***** Records provided

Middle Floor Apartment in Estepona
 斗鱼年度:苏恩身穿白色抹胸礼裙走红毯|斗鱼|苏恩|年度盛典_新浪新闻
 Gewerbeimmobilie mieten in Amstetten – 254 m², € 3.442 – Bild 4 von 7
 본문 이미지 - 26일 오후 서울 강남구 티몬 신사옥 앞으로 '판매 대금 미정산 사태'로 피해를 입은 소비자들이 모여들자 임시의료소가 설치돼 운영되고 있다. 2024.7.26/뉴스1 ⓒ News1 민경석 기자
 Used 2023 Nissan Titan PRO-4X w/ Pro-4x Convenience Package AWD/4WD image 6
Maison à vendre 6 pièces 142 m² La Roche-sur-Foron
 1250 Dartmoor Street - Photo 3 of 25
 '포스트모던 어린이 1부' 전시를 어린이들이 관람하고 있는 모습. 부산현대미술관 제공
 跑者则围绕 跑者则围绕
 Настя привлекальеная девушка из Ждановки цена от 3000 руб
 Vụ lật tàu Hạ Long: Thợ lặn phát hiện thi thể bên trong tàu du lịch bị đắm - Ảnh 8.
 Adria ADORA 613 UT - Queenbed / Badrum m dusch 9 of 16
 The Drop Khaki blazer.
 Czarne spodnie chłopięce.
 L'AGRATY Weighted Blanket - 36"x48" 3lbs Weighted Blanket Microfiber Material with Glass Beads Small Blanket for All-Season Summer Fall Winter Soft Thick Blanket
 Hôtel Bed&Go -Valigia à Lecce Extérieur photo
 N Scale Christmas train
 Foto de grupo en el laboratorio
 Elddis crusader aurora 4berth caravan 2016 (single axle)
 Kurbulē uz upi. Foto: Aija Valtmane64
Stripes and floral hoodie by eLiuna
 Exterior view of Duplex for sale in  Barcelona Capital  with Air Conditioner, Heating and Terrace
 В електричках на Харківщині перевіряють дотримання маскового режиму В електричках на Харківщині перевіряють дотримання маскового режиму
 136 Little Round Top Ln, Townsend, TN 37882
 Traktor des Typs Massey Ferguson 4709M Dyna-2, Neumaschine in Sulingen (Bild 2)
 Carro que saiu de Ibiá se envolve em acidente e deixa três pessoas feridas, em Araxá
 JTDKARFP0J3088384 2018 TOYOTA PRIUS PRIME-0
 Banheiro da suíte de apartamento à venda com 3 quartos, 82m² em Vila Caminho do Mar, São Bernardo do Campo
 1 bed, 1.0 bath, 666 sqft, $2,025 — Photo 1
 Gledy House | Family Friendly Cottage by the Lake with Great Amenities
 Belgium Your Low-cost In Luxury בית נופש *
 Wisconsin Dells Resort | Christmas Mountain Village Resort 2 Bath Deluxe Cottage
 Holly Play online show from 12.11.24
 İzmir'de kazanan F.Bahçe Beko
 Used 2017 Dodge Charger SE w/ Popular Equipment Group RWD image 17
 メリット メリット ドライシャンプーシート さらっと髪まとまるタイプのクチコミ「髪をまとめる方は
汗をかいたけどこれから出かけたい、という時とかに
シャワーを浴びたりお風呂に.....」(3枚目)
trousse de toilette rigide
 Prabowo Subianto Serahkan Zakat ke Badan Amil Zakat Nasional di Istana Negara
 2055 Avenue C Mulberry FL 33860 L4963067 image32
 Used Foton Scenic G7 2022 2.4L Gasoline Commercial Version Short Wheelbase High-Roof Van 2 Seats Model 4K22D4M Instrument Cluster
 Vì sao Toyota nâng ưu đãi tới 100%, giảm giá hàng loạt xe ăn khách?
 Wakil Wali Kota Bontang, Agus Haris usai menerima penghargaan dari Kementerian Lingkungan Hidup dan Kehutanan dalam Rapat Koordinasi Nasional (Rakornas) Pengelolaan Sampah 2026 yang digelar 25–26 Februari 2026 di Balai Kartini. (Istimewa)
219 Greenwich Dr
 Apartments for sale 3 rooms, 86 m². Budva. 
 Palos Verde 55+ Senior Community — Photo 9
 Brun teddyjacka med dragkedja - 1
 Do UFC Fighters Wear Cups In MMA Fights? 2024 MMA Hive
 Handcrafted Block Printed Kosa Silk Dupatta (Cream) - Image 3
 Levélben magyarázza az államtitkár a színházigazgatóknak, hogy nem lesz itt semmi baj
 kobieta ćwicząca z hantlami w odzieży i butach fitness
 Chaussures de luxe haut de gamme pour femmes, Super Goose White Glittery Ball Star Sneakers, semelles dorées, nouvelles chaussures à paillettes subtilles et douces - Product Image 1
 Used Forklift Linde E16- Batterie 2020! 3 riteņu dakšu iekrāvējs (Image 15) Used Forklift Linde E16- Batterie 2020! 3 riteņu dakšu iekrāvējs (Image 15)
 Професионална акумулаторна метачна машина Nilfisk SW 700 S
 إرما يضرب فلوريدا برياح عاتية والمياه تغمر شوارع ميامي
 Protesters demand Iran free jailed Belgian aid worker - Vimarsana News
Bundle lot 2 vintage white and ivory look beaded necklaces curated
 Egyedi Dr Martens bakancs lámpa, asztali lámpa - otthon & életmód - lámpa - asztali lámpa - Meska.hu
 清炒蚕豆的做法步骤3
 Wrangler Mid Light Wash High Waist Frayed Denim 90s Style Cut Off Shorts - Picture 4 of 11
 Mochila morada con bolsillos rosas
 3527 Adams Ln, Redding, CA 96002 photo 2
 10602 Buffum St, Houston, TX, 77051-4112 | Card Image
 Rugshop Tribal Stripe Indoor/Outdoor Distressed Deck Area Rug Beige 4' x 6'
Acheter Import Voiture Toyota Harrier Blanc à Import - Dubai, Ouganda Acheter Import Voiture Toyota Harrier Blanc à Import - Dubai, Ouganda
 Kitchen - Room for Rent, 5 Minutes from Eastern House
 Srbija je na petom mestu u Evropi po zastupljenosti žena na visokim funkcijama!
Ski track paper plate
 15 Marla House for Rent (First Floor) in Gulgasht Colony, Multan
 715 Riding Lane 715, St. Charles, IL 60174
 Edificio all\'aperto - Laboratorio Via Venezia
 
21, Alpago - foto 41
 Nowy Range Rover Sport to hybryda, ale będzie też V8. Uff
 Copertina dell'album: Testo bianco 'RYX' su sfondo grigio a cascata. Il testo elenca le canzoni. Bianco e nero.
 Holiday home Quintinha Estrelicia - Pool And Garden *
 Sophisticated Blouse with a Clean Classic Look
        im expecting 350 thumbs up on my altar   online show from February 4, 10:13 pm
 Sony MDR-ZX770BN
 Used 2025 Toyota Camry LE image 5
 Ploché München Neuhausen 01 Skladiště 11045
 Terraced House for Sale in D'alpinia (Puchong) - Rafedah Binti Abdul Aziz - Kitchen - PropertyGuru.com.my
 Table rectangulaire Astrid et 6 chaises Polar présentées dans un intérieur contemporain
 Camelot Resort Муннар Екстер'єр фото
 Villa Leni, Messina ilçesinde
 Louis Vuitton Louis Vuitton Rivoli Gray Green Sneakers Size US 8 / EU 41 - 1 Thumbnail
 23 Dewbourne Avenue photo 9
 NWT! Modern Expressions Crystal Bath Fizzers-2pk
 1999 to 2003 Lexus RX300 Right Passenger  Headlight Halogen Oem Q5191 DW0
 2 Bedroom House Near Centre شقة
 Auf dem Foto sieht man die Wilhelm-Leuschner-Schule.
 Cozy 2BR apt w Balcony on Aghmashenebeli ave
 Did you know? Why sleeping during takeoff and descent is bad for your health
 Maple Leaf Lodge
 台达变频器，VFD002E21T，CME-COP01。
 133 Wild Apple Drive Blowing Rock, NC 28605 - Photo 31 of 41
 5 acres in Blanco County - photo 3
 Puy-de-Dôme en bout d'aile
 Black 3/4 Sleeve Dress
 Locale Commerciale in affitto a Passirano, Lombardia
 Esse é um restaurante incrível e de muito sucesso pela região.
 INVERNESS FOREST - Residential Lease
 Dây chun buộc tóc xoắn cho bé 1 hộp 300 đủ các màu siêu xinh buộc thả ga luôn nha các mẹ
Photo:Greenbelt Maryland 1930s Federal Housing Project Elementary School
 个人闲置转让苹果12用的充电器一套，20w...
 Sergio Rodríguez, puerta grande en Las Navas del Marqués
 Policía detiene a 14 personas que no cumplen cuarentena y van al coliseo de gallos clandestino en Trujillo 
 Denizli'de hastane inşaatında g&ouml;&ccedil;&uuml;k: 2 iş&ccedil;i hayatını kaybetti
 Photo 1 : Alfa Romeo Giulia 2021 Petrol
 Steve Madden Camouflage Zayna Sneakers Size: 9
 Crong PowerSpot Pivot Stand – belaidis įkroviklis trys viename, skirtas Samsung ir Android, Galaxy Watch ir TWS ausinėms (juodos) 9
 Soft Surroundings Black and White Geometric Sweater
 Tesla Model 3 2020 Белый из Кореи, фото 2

**********

* _Work to complete_
Go through the data line by line and say how many lines contain "Nasional". Give the number alone.

* _Answer to this exercise_
2